Tingkat kerentanan (vulnerability) adalah suatu hal penting untuk diketahui sebagai salah satu faktor yang berpengaruh terhadap terjadinya ‘bencana alami’, karena bencana baru akan terjadi bila ‘bahaya alam’ terjadi pada ‘kondisi yang rentan’. Tingkat kerentanan dapat ditinjau dari kerentanan fisik (infrastruktur), sosial kependudukan, dan ekonomi. Kerentanan fisik (infrastruktur) menggambarkan perkiraan tingkat kerusakan terhadap fisik (infrastruktur) bila ada faktor berbahaya (hazard) tertentu. Melihat dari berbagai indikator sebagai berikut : persentase kawasan terbangun; kepadatan bangunan; persentase bangunan konstruksi darurat; jaringan listrik; rasio panjang jalan; jaringan telekomunikasi; dan jaringan PDAM.

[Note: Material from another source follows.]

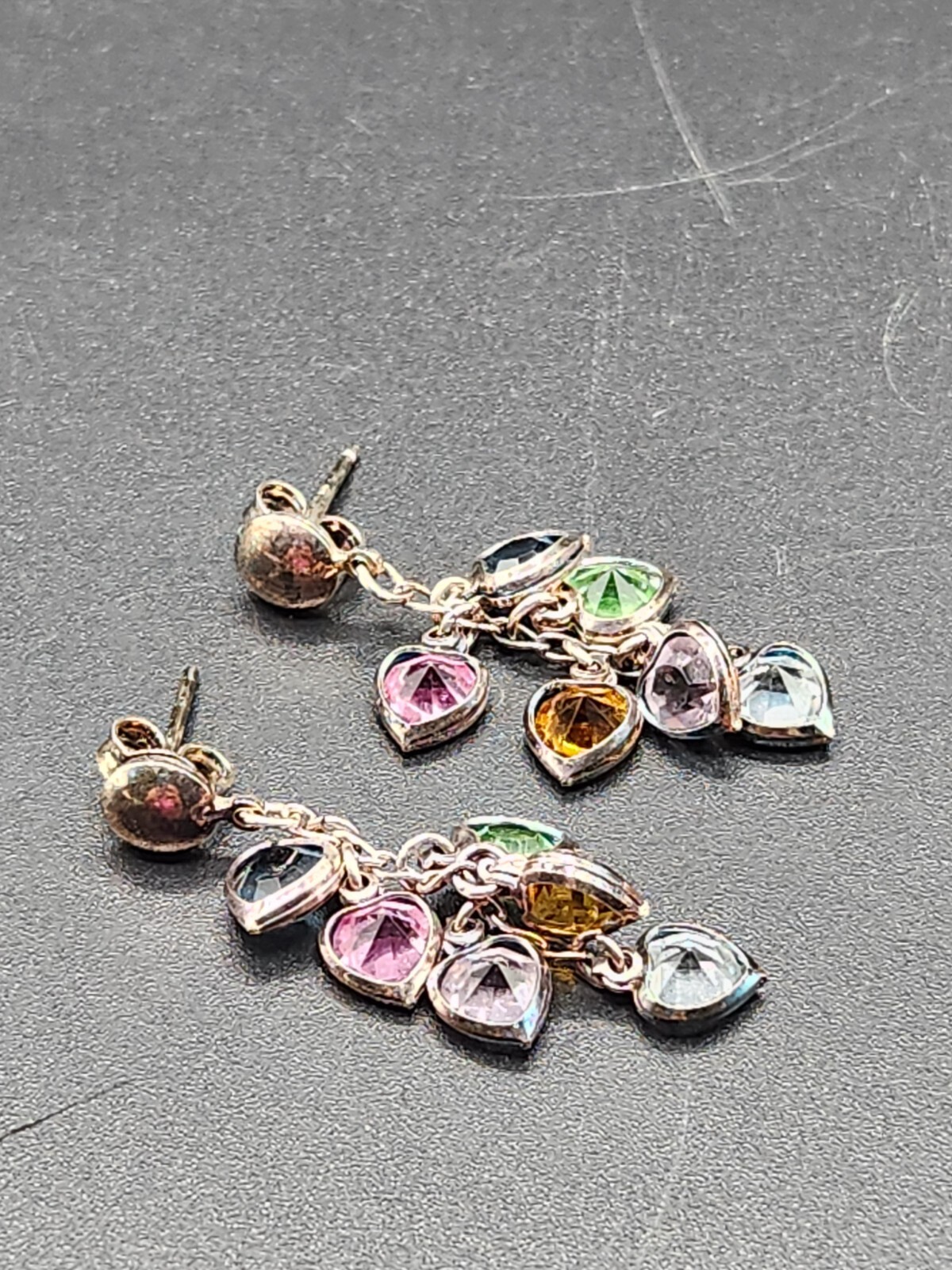 Multicolored Bezel Set Crystals Silver Dangle Ear… - image 3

Kerentanan sosial menunjukkan perkiraan tingkat kerentanan terhadap keselamatan jiwa/kesehatan penduduk apabila ada bahaya. Dari beberapa indikator antara lain kepadatan penduduk, laju pertumbuhan penduduk, persentase penduduk usia tua-balita dan penduduk wanita, maka memiliki kerentanan sosial yang tinggi. Belum lagi jika kita melihat kondisi sosial saat ini yang semakin rentan terhadap bencana non-alam (man made disaster), seperti rentannya kondisi sosial masyarakat terhadap kerusuhan, tingginya angka pengangguran, instabilitas politik, dan tekanan ekonomi. Kerentanan ekonomi menggambarkan besarnya kerugian atau rusaknya kegiatan ekonomi (proses ekonomi) yang terjadi bila terjadi ancaman bahaya. Indikator yang dapat kita lihat menunjukkan tingginya tingkat kerentanan ini misalnya adalah persentase rumah tangga yang bekerja di sektor rentan (sektor jasa dan distribusi) dan persentase rumah tangga miskin.
Berdasarkan potensi bencana dan tingkat kerentanan yang ada, maka dapat diperkirakan risiko ‘bencana’ yang akan terjadi tergolong tinggi. Risiko bencana pada wilayah Indonesia yang tinggi tersebut disebabkan oleh potensi bencana yang dimiliki wilayah-wilayah tersebut yang memang sudah tinggi, ditambah dengan tingkat kerentanan yang sangat tinggi pula. Sementara faktor lain yang mendorong semakin tingginya risiko bencana ini adalah menyangkut pilihan masyarakat (public choice). Banyak penduduk yang memilih atau dengan sengaja tinggal di kawasan yang rawan/rentan terhadap bencana dengan berbagai alasan seperti kesuburan tanah, atau opportunity lainnya yang dijanjikan oleh lokasi tersebut.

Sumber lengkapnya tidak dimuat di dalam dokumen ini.